Lovelock came away with a sense that there was something truly remarkable about Earth, a sort of meta-life or gigantic global biological system in which the sum of the parts--all the plants, animals and microorganisms--made Earth the habitable planet that it was. He speculated that it was an autopoietic system, meaning (roughly) that all its species actively contribute to the functioning of the biosphere in such a way as to ensure their growth and regeneration, which, in turn, is what governs biospheric functioning. This is a complex idea, but essentially he felt that life actively holds the conditions of Earth's surface within a range conducive to the persistence and perpetuation of life, a homeostasis similar to our bodies' regulation of core temperature to a constant of around 37 C (98.6 F).[1]

The Gaia hypothesis was initially ignored or ridiculed by some as some kind of neo-pagan New Age religion. Renowned scientists such as such as Doolittle, Dawkins and Gould criticized it on various grounds (click here).

However, in 1980s the Gaia hypothesis received positive recognition by scientists and a number of scientific conferences have been held to develop and implement it as a research agenda.

Climatologist Stephen Schneider who organized the first Gaia conference in San Diego in 1988 proposed that the Gaia hypothesis includes a range of possible claims. Naeem summarize these as the Weak Gaia Hypothesis that says life is critical to Earth’s environment, and the Strong Gaia Hypothesis that says that the biosphere is autopoietic. He notes:

Though the jury is still out, the bulk of the scientific evidence is against the Strong Gaia Hypothesis. One of its strongest critics is Dawkins, who sees no way that evolutionary or ecological processes can generate an autopoietic biosphere from a seemingly unstructured confederation of species whose fates are determined by their individual fitness or stability of the community, ecosystems or biosphere they reside in. Nevertheless, life is what makes Earth habitable, so the Weak Gaia Hypothesis is undeniable.”[2]

While we wait for the future assessment of the Strong Gaia Hypothesis, the consensus on the Weak Gaia Hypothesis offers materialist and scientific grounds for a view of "web of life" in addition to Darwin's "tree of live". Life on Earth is inherently interdependent. This validates ethical principles of Deep Ecology ’s Eight Point. It also offers a framework for rethinking Marx’s vision of de-alienation of humans from nature.


[1] Naeem, Shahid. “Lessons from the Reverse Engineering of Nature,” Miller-McCune/May-June 2009, p. 60.

[2] Ibid. p. 62. Naeem does not here note Lovelock's response to Dawkins criticism, which is based on complexities in evolutionary process associated with non-linear systems.

2 comments:

NTROPEE said...

The Gaia hypothesis seems to raise a very basic question about the role humans are playing in the current scheme of things. It would suggest that human society has become similar to a cancerous growth on the biosphere, expanding rapidly and parasitically at the expense of the biological stability and integrity of the entire system.

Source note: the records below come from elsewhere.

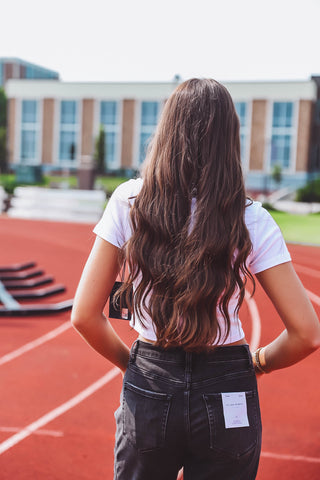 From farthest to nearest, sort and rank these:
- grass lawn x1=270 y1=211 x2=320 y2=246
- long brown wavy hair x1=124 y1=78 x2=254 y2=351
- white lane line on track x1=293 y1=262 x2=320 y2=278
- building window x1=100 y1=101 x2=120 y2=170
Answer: building window x1=100 y1=101 x2=120 y2=170, grass lawn x1=270 y1=211 x2=320 y2=246, white lane line on track x1=293 y1=262 x2=320 y2=278, long brown wavy hair x1=124 y1=78 x2=254 y2=351

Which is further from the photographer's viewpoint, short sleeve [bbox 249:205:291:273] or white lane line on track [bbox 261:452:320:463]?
white lane line on track [bbox 261:452:320:463]

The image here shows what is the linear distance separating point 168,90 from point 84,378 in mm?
41948

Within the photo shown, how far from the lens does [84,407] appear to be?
4375 mm

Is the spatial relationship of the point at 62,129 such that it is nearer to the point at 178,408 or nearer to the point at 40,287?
the point at 40,287

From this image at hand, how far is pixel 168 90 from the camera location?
148 feet

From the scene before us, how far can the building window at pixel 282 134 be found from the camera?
1696 inches

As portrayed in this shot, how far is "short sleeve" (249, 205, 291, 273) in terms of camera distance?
150 cm

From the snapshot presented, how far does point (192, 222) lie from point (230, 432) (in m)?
0.52

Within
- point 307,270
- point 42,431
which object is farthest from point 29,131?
point 307,270

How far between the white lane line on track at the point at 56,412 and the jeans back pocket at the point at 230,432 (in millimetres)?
2435

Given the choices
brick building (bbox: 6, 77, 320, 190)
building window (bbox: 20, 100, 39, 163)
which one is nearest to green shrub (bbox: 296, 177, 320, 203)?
brick building (bbox: 6, 77, 320, 190)

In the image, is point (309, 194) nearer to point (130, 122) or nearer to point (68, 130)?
point (130, 122)

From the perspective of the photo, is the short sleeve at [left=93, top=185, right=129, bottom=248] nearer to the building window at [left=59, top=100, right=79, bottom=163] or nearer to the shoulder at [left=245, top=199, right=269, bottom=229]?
the shoulder at [left=245, top=199, right=269, bottom=229]

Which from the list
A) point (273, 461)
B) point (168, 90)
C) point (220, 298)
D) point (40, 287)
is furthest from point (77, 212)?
point (168, 90) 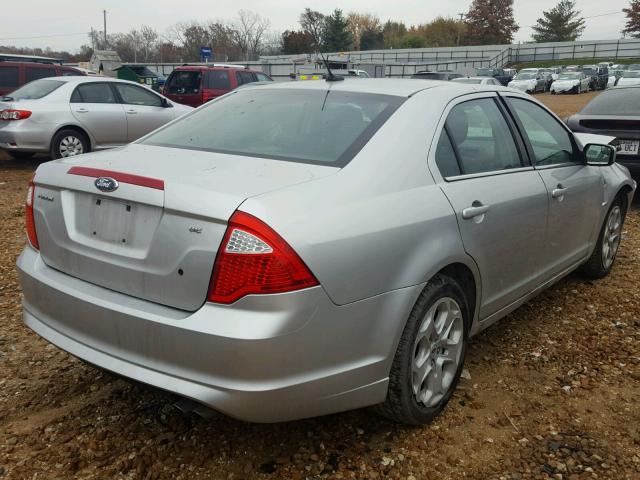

Explaining why human culture has become so deeply out-of-sync with the rest of the system seems very important, because the Gaia hypothesis would suggest that this should not happen.

Of course there is always the wild possibility that human society will ultimately and unwittingly function as long-range climate stabilizer by re-introducing sequestered C02 into the atmosphere and thus counteracting a potential ice age.

That seems pretty far-fetched and self-destructive to me!

hawaiianwilly said...

It seems like the self regulation of Gaia has shown it self in the past. The asteroids that have hit earth, having thrown gaia off balance, appeared to be corrected over time.
The particles in the atomsphere, the gases from the volcanoes and whatever else happened to the earth from the forces that be have been brought back to a homeostasis for the continuation life.